3. Food > a lot of things:
Elijah Goodell, a freshman Television, Radio, Film major, has got the right end of things. As freshmen, we still have a week of freshman-15 to accomplish, and we’re all winners.
4. Hang up inspiration
Tania Leyva, a graduate student in the Spanish language literature and culture program, will be writing her last finals. She has hung up a cape where she can always look at it, giving her the strength of Superman to pull through this week.
5. Study with friends
The success of group study is questionable, but somehow facts work differently in college. Rachel Brenner, a junior public relations major, says that it is easier to study where there are people to calm you down and help you in case an essay is giving you hallucinations.
6. Free donuts
Zachary Sciuto, a senior communications and rhetorical studies major, stays on the bright side of things. If there are no classes, there is now more time to enjoy the free donuts at Goldstein and Schine Student Centers.
7. Make a study game
If you’re studying in a group, this is a good way to liven things up. There are memory games, flashcard games and other things you thought you left in your childhood that Samantha Mindich, a freshman Psychology major, recommends. Make it even more rewarding by designating prizes, like a snack, along the way.

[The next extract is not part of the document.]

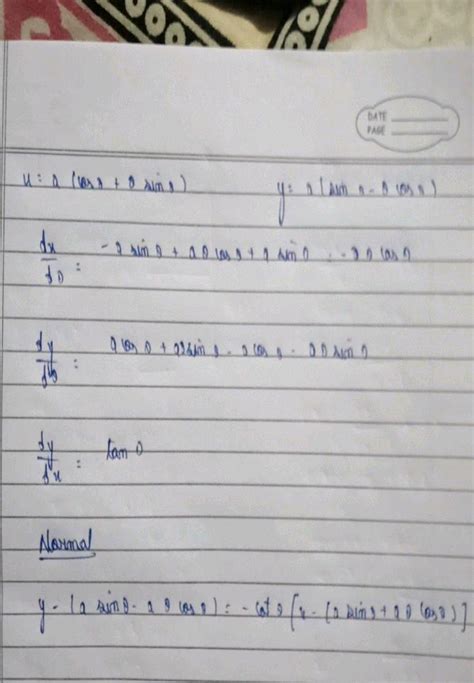 1 The Normal To The Curve X A Cos Theta Theta Sin Theta Y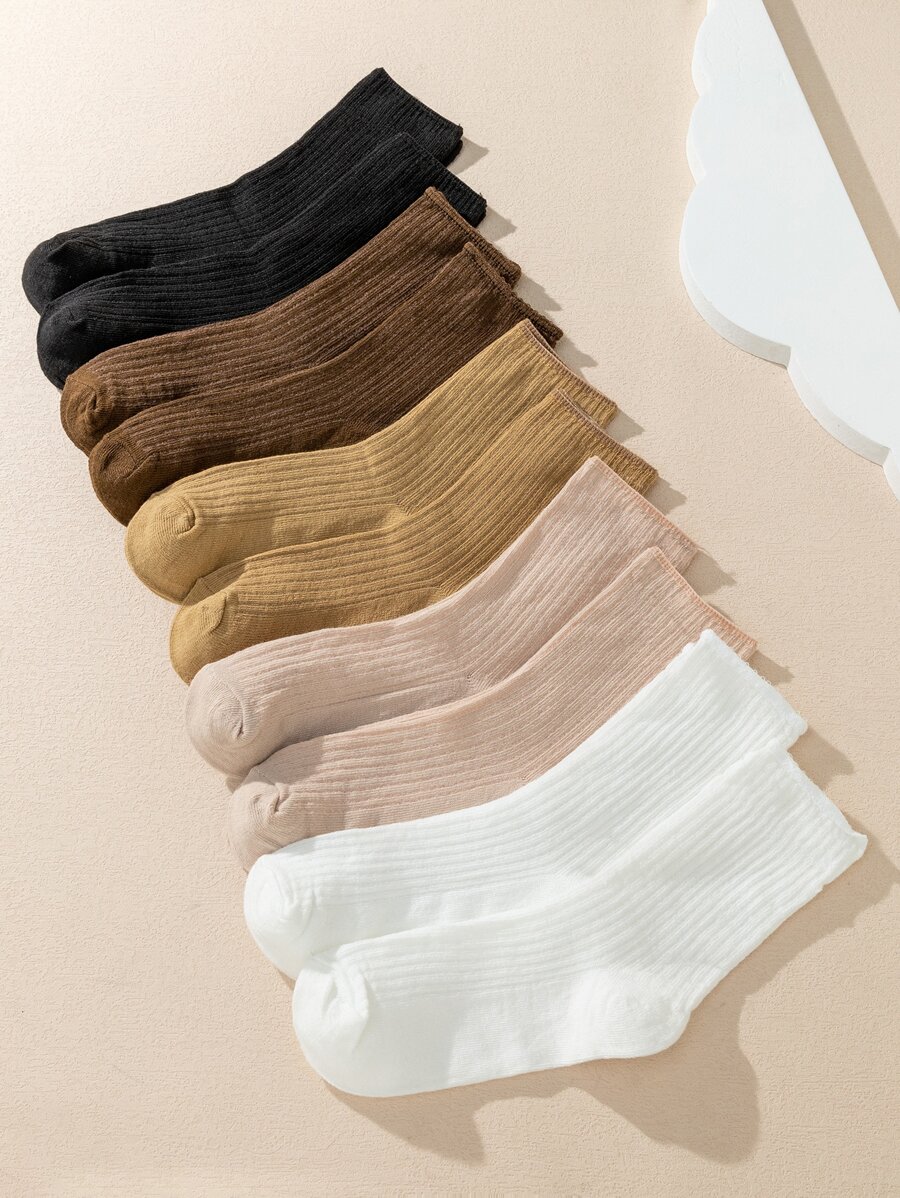 5雙素色中筒襪 - 彩色 - 查看 1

8. Eat a balanced breakfast
Ben & Jerry’s and the freshman 15 sound fantastic in the night. But come morning, Lauren Grubb, a sophomore Advertising major, thinks it is a better idea to get some good fruit, yogurt, cereal and whatever else tips the scales in your favor.
9. Stay off social media
Griffin Brooks, an undeclared freshman in Whitman, has cracked a code to bring down your meme addiction during finals week. Google chrome extension Forest and apps like Self-Control do what you can’t do and what your grandparents are very capable of doing: blocking and preventing access to online media.
10. That post-finals feeling
Aaron Mevorah, a sophomore Communications and Rhetorical Studies major, says to hold the thought of walking out of your final final close to your heart and within easy reach at all times.
As is evident, food is a uniting factor that brings not just calories, but the best out of everyone. So make sure you eat up, get emergency contacts of professors, and show your best efforts to get those ABCs squared away.